Publié le 26 février 2008 par Doespirito @Doespirito

2007_12_18 Certaines façons de se mettre en danger semblent plus agréables que d'autres. Mais ce n'est jamais aussi simple.. Il y a quelque temps, Catherine Gier, une jeune artiste strasbourgeoise, m'a contacté pour me parler de son projet. Elle cherchait un expert pour réaliser avec elle une performance artistique. J'ai dit "oui" assez vite, sans bien comprendre où cette jeune personne voulait nous emmener. Mais je sentais une énergie et une résolution suffisantes pour emporter ma résolution.
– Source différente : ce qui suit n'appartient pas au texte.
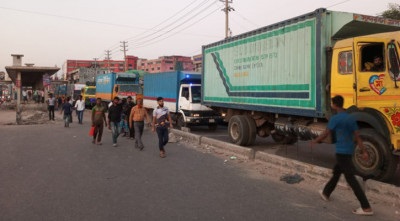 অবরোধ তুলে নিলো শ্রমিকরা, যানবাহন চলাচল শুরু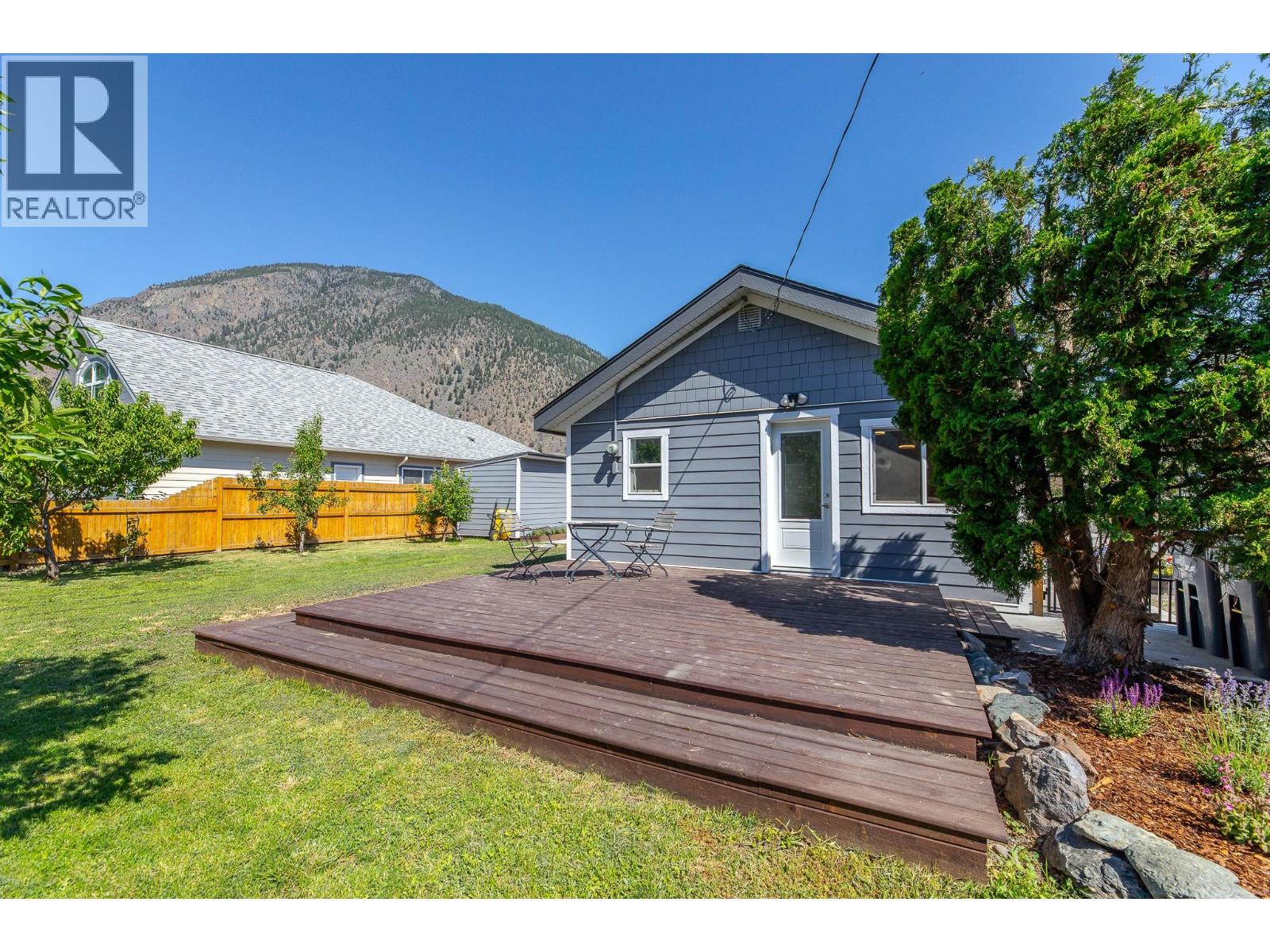 430 6th Avenue Property Photo 4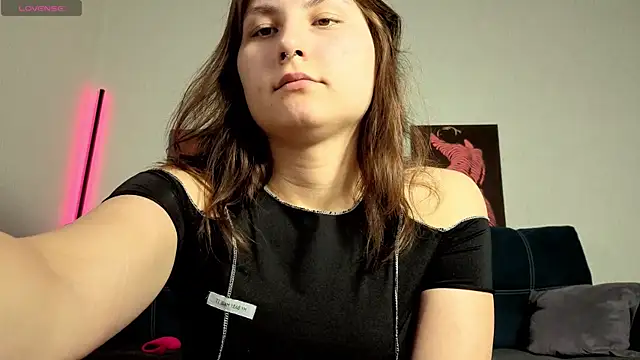 TrixiBell online show from May 13, 2026, 4:21 am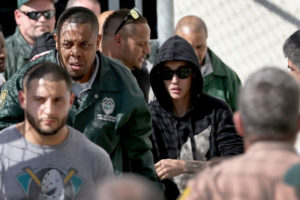 Qual é a razão da rebeldia de Justin Bieber?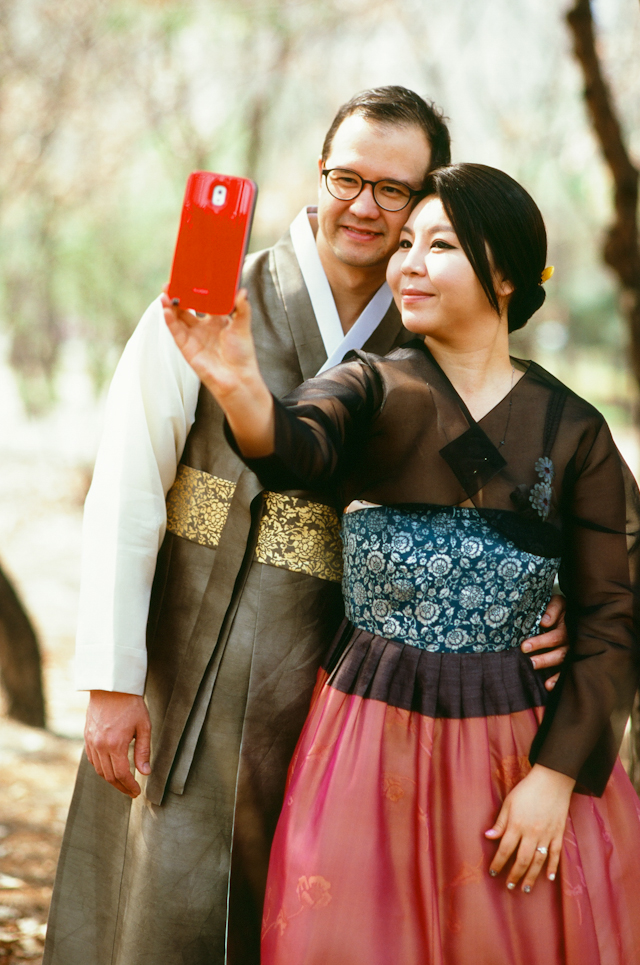 seoul traditional village engagement shoot by douglas despres-42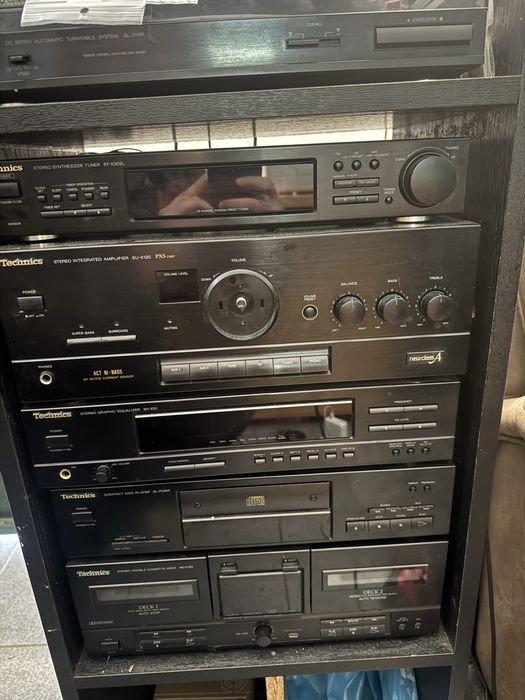 Lote de amplificadores, leitor de CDs/cassetes, gira discos e colunas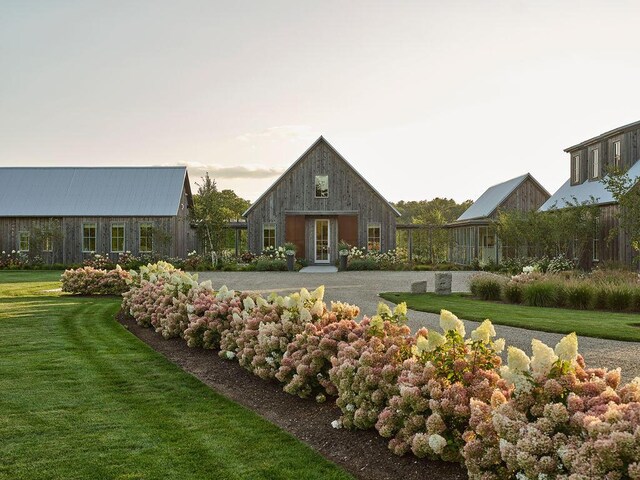 76 N St, Kennebunkport, ME 04046 - exterior space with a yard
Définir son travail est déjà en soi une découverte. J'ai l'habitude de travailler avec des ingénieurs, des managers issus de grandes organisations. Je travaille beaucoup, plus récemment, avec des indépendants (consultants, free-lance, chef de petites entreprises, etc.). Grandes ou petites, leurs unités de référence renvoient à l'univers économique, aux organisations, dans des schémas relativement prévisibles avec lesquels je me sens dans mon élément, dont je connais les codes, les moyens d'action. Si je m'intéresse à l'art, je n'en suis pas l'actualité, je vais de temps en temps à une exposition. Par parenthèse, la dernière que j'ai vue (Courbet, au Louvre), m'a laissé une impression mitigée : en sortant, je me suis dit que je n'aimais finalement ni le style, ni l'homme. C'est assez rare pour être noté, même si ça nous éloigne de notre sujet et si j'ai une nouvelle fois été interrompu par moi-même.

Mon rapport à l'art est donc épisodique et amateur (au sens néophyte), ce qui me laisse une assez grande marge de progression. D'abord pour comprendre ce que c'est qu'une performance. Un art éphémère, par essence, explique Wikipedia sur le sujet, dont on peut situer l'origine dans la pratique des rites ou rituels de passage observés depuis l'origine de l'homme. La forme artistique la plus ancienne de l'humanité, utilisant comme matériau le corps, le temps et l'espace. On oublie donc le pinceau ou le burin, la peinture, le bois, la pierre, pour mettre en scène une action, sous le regard des spectateurs, avec une intention de leur faire ressentir une émotion particulière, de les faire réagir, ou simplement de les faire réfléchir. A ne pas confondre toutefois  avec le happening, qui se différencie par la spontanéité des actions proposées par les artistes et la participation active du public. Ce n'est pas un étalage d'érudition gratuite, mais juste pour éviter de dire n'importe quoi sur le sujet, ce qui aurait été encore mon cas, il y a à peine 6 mois.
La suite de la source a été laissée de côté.